Now that I had started indulging, I was on a roll. The next few days continued with french fries, hamburgers, nachos, cake, pie and other fatty foods. Then came the return of the Bluddeanous. It started with just a touch of red within the mounds of brown. Nothing to be concerned about as this has occurred before. Soon enough, however, came rivers of blood. Not just a drop or two, it appeared as if the toilet was in the ER. This occurred for a few days and got to the point where I would crap more blood than...well.... crap. Not good. Not good at all. But having just written the post about my anal suppository experience, I was well-refreshed in what would happen if I went to the doctor with my bloody secret. So I kept it to myself (and the toilet bowl of course) and prayed that I would heal on my own. I should mention that I also saw an ER episode where a woman died bleeding out of her butt. There are some embarrassing ways to say goodbye to the physical world, but I can think of few worse than being done in by a leaky hemorrhoid.
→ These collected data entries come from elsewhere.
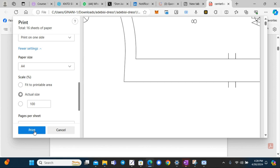Now you can print and it will go straight to the printer. Thanks for watching.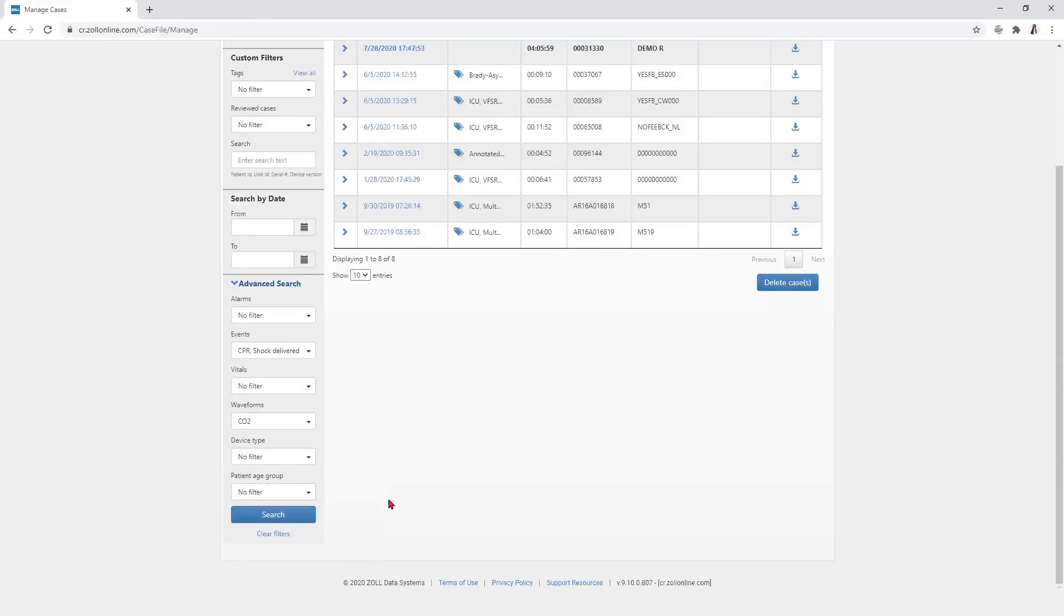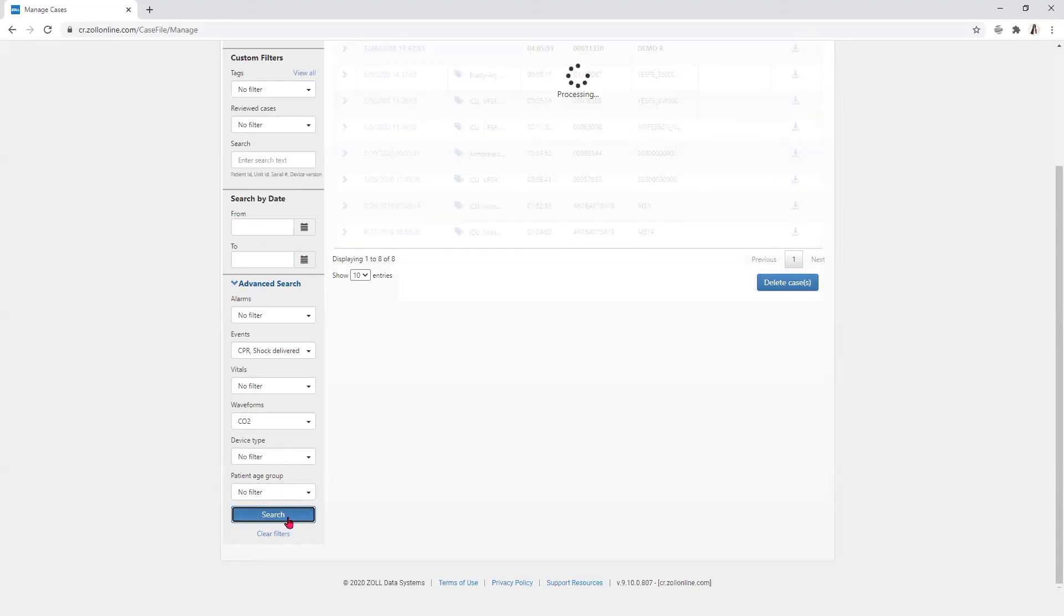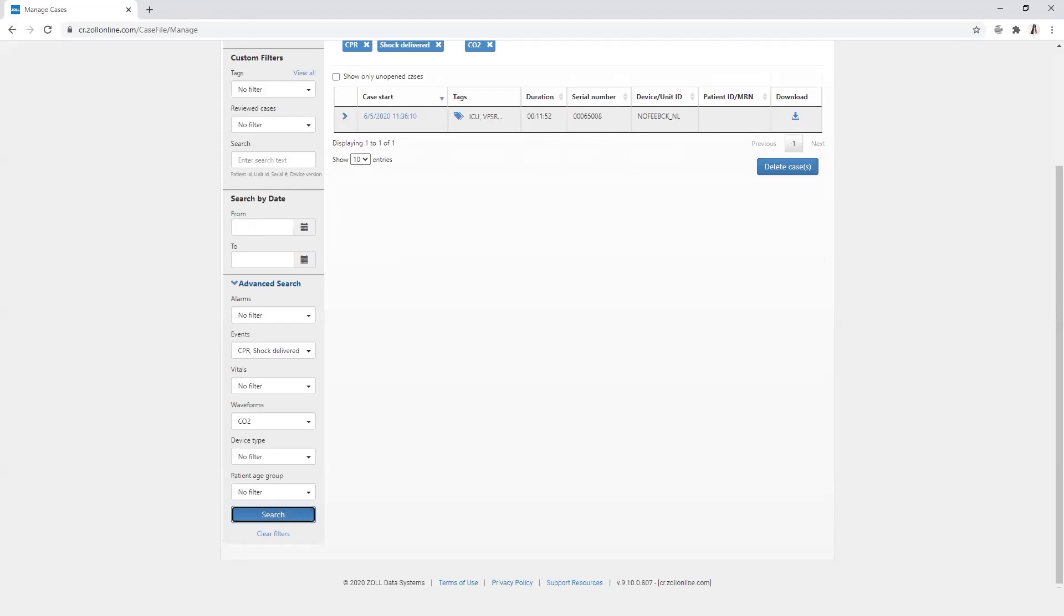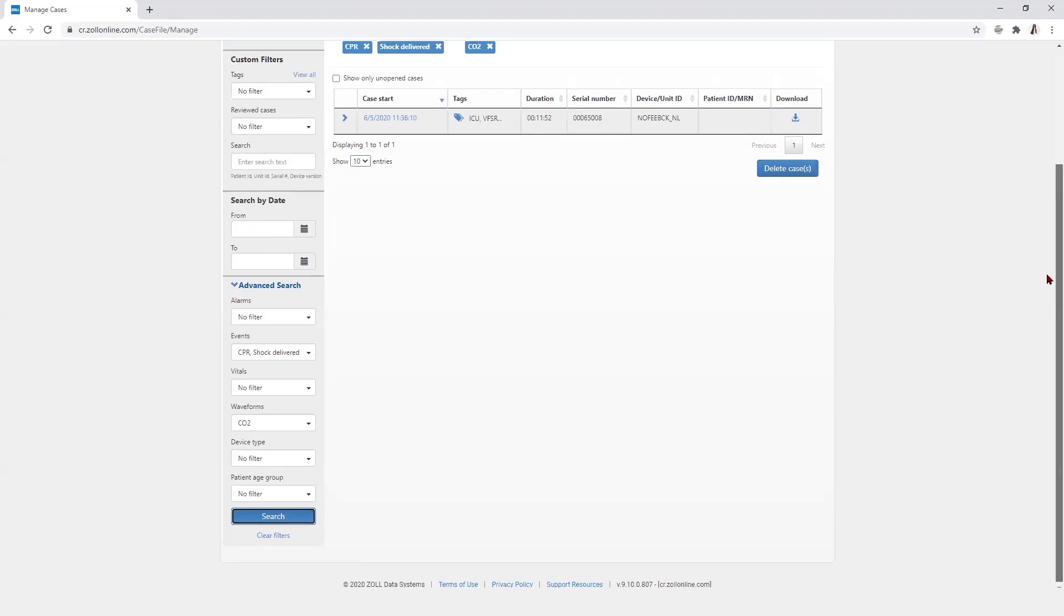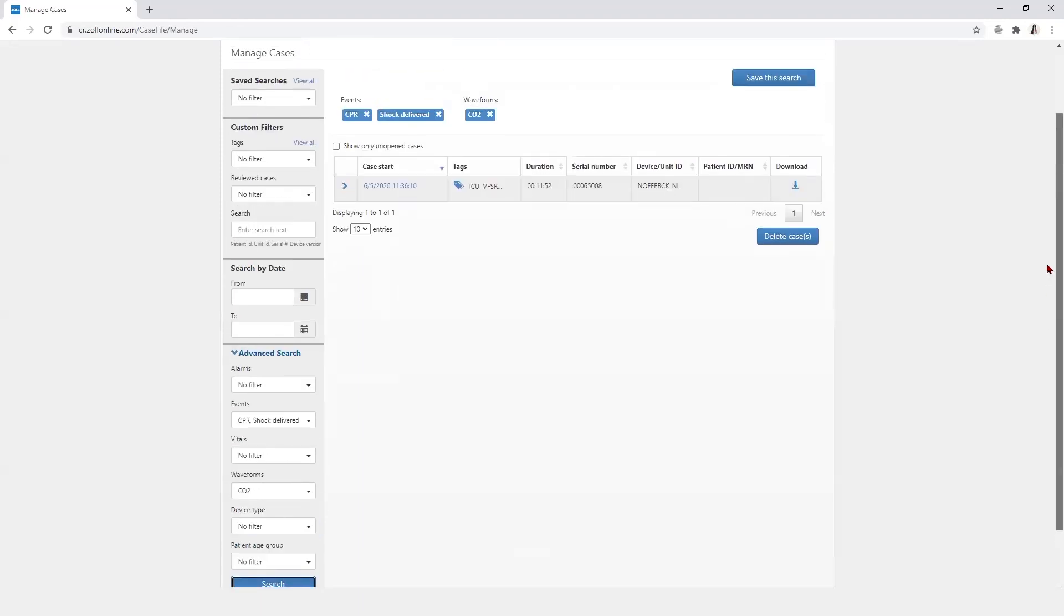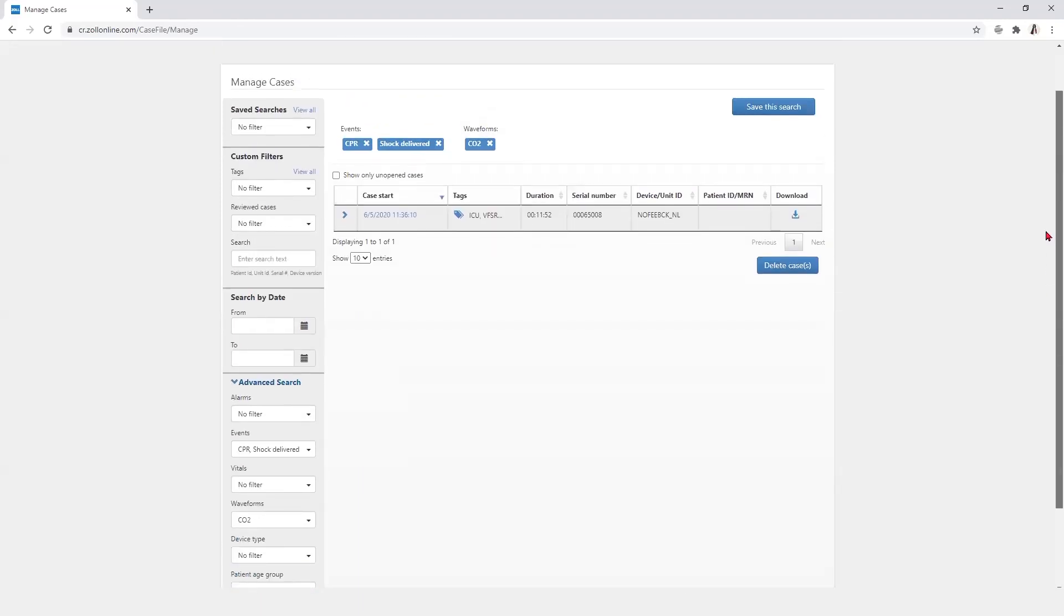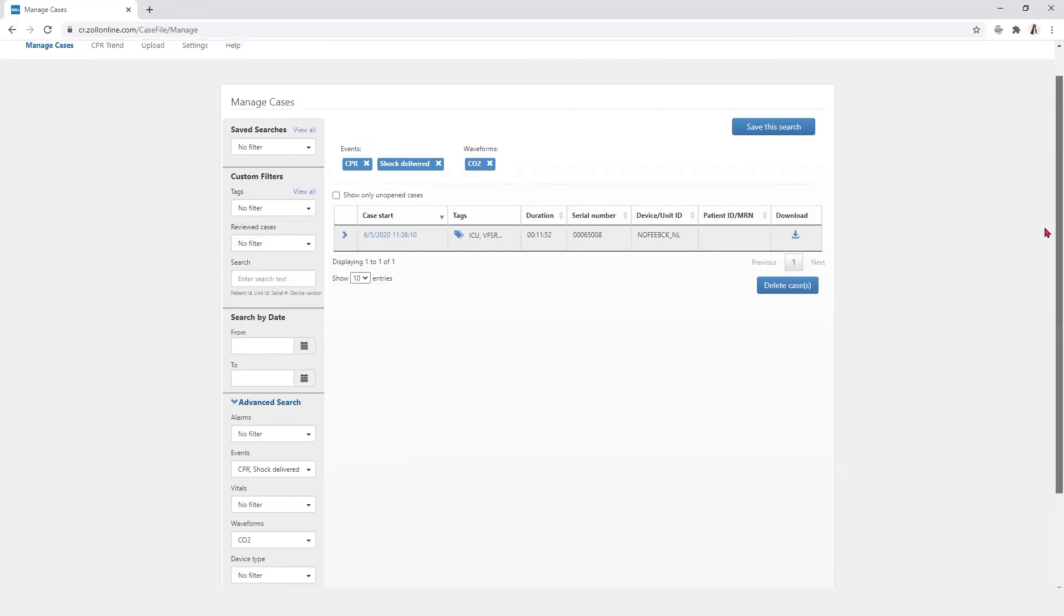With the exception of the device type, the search includes all cases that meet that particular search criteria. Cases that match some but not all of the checked criteria will not be displayed. This search can also be saved using the save search feature and selecting the blue button to the top right of the page.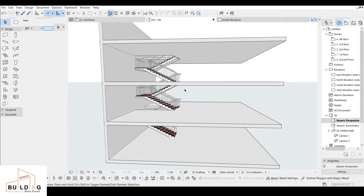Hi everyone, I'm Hana. This channel is about tutorials and 3D designs of buildings. If you are new here, don't forget to subscribe, like, and share. Today's video is going to be about editing the railing for three-floor staircases we have designed in part one.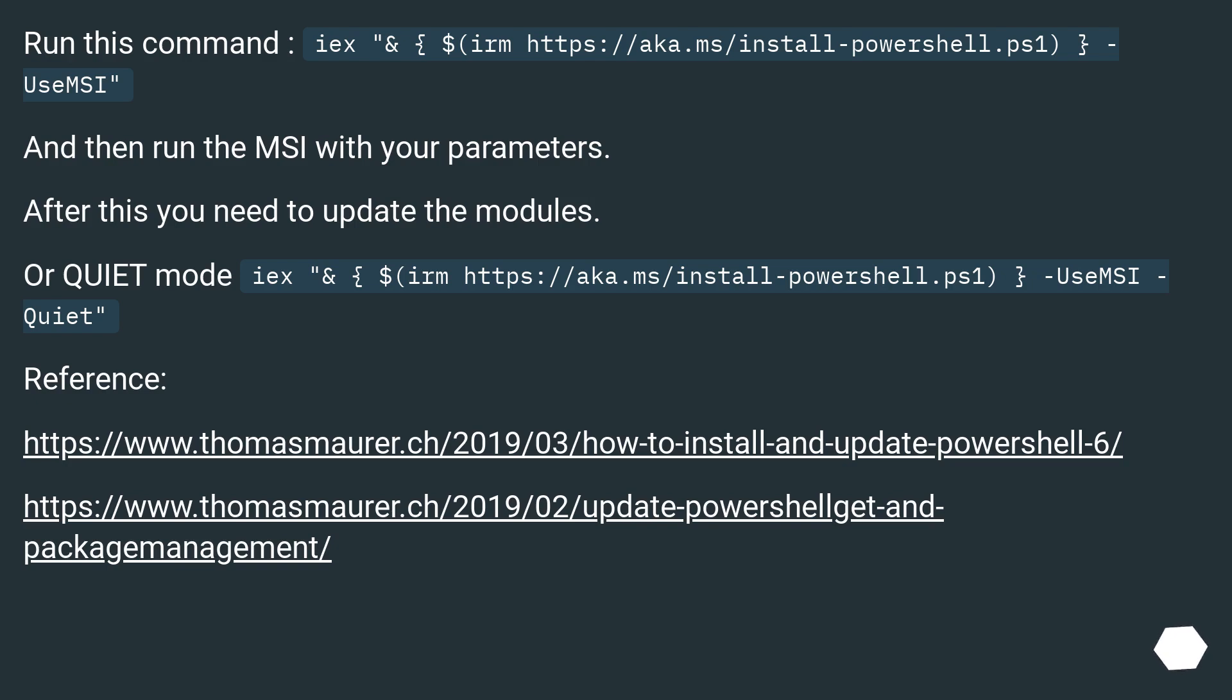Run this command: iex & $(https://aka.ms/install-powershell.ps1) -UseMSI. And then run the MSI with your parameters.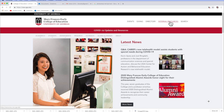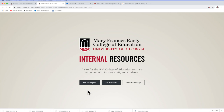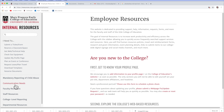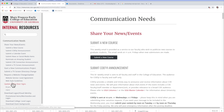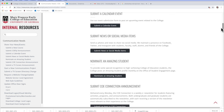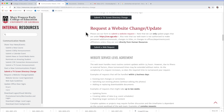Click on the internal resources link — in this case I'm going to pick for employees. Updating your web page falls under communications needs, and we will scroll down and select request a website change or update.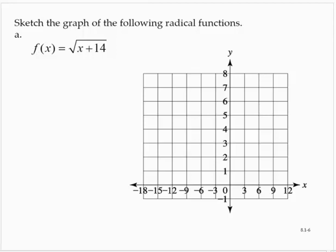Sketch the graph of the following radical functions. f of x is equal to the square root of x plus 14.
So I monitored the situation and thankfully my deuces returned to normal (at least normal for me) after a few healthy meals and added fiber to the diet.

Friday, December 5, 2008

12-5-08

After my morning bowl of cereal, and before my morning wee, I released 2.1 pounds of excrement. Some of that had to be the urination that was stored through the night, but I was still impressed. The first half pound (that's a guess, no intermediate measurement was taken) was expelled with ease. Then I hit the deucer's equivalent of the runner's wall. I knew I had more left deep in me, but I was stuck at a stopping point. I did something the doctors have told me countless times not to do. I gave it a little squeeze or two. After I squeezed off a few rounds, the river of dump started flowing. The last pound came out effortlessly and I am now ready to start my day.

Thursday, December 4, 2008

12-4-08

A .7 pounder this morning. Needless to say I was disappointed.